While 75% of cancer hospitals have some exchange plan contracts, that still left 25% with practically no network coverage among exchange plans. And three-quarters of respondents didn't offer specifics about their health plan arrangements, meaning they could be an in-network provider in one exchange plan or several.
Narrow-network plans, which are similar to HMOs of the 1990s, have blossomed on the ACA exchanges and in employer-based healthcare market. Insurers contend that consumers appreciate the lower premiums associated with these narrower products and are willing to make the trade-off of having fewer provider choices. But some consumer advocates and disease advocacy groups worry the narrow-plan designs are confusing and too limiting.

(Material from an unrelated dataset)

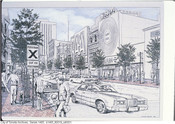 Artist's conception of Yonge Street looking north from Gould Street, circa 1980. Courtesy of City of Toronto Archives.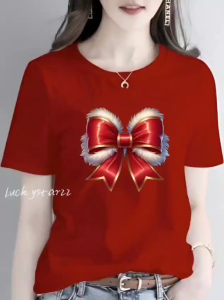 KAOS ATASAN PITA NATAL PREMIUM WANITA DTF BERKUALITAS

Excluding cancer hospitals raises several questions. What happens if patients develop a rare cancer that requires more specialized treatment? Do the cancer hospitals actually provide better care at a lower cost compared with other community-based providers? Are patients still willing to go to a cancer center even if it is out-of-network?
On the last question, the answer appears to be yes, according to Choe. The majority of survey respondents said they treat exchange patients who have trouble affording deductibles and other out-of-pocket costs associated with an out-of-network provider but who go the cancer hospital anyway.
There was a separate silver lining for cancer hospitals that have in-network agreements. Payment rates from exchange plans were generally a little lower than other commercial rates but higher than Medicare or Medicaid, survey respondents said. “This is better than some expectations that exchange rates would be in line with Medicaid managed-care rates,” Choe said.